On Thursday morning, agents of Immigration and Customs Enforcement were at the intersection of Clark Street and Lunt Avenue. They detained one man and ticketed another for not having his resident status paperwork. By early afternoon, when I arrived, ICE was gone, but a posse of anti-ICE activists had gathered at the corner. They handed out orange whistles, with instructions: three short blasts if you see ICE, three long blasts if ICE is detaining someone. As a federal helicopter buzzed overhead, the activists plotted patrols.
Chicago is the rehearsal ground for what’s becoming a militarized nationwide campaign against undocumented immigrants and those who seek to protect them. What’s happening here will soon be happening in Portland, in Memphis, in Los Angeles, in New York. But it’s also the rehearsal ground for what will, one hopes, become a nationwide campaign against Trump’s American-made brand of fascism. Whether he intended to or not, Trump couldn’t have chosen a better city for the beginnings of a resistance movement.
What’s significant about the protests in Chicago is that they have spread beyond the usual groups, the so-called “professional left” that can be counted on to attend every rally, and which started the demonstrations in Broadview, and into the neighborhoods where ICE is attempting to operate. When ICE agents were heckled in Logan Square and blocked from entering a grocery store parking lot, they responded by spraying the neighborhood, which is near Funston Elementary School, with tear gas. But neighbors banded together against ICE, as described by Chicago Teachers Union delegate Maria Heavener. As Bill Higgins told the blog The Party Cut, the principal at another nearby school — Moos Elementary School — also set up a system where families can help walk kids to their homes, or get groceries, if other families can’t go out as easily and need help.

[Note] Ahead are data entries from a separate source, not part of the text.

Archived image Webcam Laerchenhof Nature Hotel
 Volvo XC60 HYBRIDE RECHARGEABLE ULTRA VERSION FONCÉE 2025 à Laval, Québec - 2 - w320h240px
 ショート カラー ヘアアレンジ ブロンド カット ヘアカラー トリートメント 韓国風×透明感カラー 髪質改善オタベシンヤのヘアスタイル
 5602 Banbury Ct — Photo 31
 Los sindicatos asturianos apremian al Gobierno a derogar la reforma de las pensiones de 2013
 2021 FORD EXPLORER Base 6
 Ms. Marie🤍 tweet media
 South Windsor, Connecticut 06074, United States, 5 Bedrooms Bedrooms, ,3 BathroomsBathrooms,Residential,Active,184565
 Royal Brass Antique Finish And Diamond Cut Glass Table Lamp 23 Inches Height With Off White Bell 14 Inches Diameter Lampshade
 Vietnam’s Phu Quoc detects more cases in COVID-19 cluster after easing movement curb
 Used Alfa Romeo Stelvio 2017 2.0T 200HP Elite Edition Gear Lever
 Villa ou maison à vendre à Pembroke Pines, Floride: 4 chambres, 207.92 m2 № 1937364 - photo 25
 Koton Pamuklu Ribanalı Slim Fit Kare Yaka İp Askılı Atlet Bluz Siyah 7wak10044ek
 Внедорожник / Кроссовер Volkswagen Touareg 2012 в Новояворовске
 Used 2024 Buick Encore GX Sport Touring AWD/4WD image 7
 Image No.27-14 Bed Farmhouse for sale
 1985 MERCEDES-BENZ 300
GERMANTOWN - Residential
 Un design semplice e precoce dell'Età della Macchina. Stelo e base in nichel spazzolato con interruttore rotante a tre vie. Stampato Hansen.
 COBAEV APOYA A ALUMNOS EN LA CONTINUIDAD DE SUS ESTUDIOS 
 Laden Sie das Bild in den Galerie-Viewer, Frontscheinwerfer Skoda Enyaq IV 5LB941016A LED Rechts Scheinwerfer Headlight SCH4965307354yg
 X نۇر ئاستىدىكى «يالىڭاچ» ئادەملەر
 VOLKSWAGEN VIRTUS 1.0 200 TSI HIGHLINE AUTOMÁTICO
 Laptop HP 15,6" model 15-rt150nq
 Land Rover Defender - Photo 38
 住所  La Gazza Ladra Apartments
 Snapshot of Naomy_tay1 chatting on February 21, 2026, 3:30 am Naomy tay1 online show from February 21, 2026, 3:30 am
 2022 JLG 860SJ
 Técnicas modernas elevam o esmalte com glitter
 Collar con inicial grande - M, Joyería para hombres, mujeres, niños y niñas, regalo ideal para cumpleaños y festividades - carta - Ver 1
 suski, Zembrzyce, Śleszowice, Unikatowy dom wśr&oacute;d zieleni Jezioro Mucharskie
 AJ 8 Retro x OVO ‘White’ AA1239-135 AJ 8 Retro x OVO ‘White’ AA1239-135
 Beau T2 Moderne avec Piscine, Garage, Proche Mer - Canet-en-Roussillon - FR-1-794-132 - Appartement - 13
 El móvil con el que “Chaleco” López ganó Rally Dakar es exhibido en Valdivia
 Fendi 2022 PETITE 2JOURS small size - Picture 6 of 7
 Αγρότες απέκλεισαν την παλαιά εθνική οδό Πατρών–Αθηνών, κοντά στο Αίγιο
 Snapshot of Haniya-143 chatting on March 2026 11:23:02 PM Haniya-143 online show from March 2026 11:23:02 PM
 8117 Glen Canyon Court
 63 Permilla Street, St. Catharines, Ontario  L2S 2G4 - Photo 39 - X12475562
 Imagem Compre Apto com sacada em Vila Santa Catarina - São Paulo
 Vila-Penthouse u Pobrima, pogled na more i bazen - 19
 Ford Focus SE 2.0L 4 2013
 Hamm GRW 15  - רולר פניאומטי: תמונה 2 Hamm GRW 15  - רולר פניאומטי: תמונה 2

“The community is 100% united in support of one another, even as these guys are committing crimes and trying to turn our city into the war zone they always falsely accuse it of being,” Higgins said. “They’re making all of us unsafe and they aren’t helping with anything good.”
That kind of resistance is happening across the city. When 40th Ward Alderperson Andre Vasquez held a Community Defense Workshop on October 4 in the auditorium of Mather High School, he expected 300 people to show up. Instead, an estimated 700 did, filling the hall. One speaker advised attendees on what to do if they saw ICE agents snatching a neighbor. “Use your cars,” he said. “Block them. Don’t let them leave with your neighbors. Make their lives a living hell.”
After the event, Vasquez told the Chicago Tribune’s Jake Sheridan that the turnout was so large because “people know what moment we’re in in history. They want to be on the right side of it.” The moment, as Vasquez identified it: “Fascism.”
Meanwhile, on the West Side, a group of business owners pledged their support to “ICIRR, not ICE,” referring to the Illinois Coalition for Immigrant and Refugee Rights, a nonprofit that has trained 4,500 residents in its “Know Your Rights” campaign, and whose hotline is receiving a record 1,000 calls a day from frightened immigrants. ICIRR now has 30 rapid response groups of volunteers who document ICE in their neighborhoods.
“Don’t use our parking lots,” said a woman who identified herself as Ann from Play, the Chicago toystore, addressing ICE. “Don’t use our loading zones, and definitely don’t use our tax dollars.” Another speaker endorsed Sin Titulo’s Neighbor to Neighbor initiative. Sin Titulo, which describes itself as “a collective of Latina sisters,” is dropping off groceries to immigrants too frightened to venture outside.
In Belmont-Cragin, the group Belmont Cragin United is also handing out whistles that residents can blow when they see ICE agents. And around the city, businesses as small as laundromats are displaying “NO ICE” signs, and “Know Your Rights” flyers have been plastered to placards all over the city.
Everyday Chicagoans are proving that they’re the first line of defense against this extraordinary federal incursion into this city. The federal government’s efforts, not least the deployment of the National Guard, go beyond standard immigration enforcement: They are an attempt to undermine the rule of law and to fulfill the strongman ambitions of our president, who has openly mused about invoking the Insurrection Act. It can happen here, and it is. Chicagoans are organizing against it, not just for the benefit of our city, but for the entire country.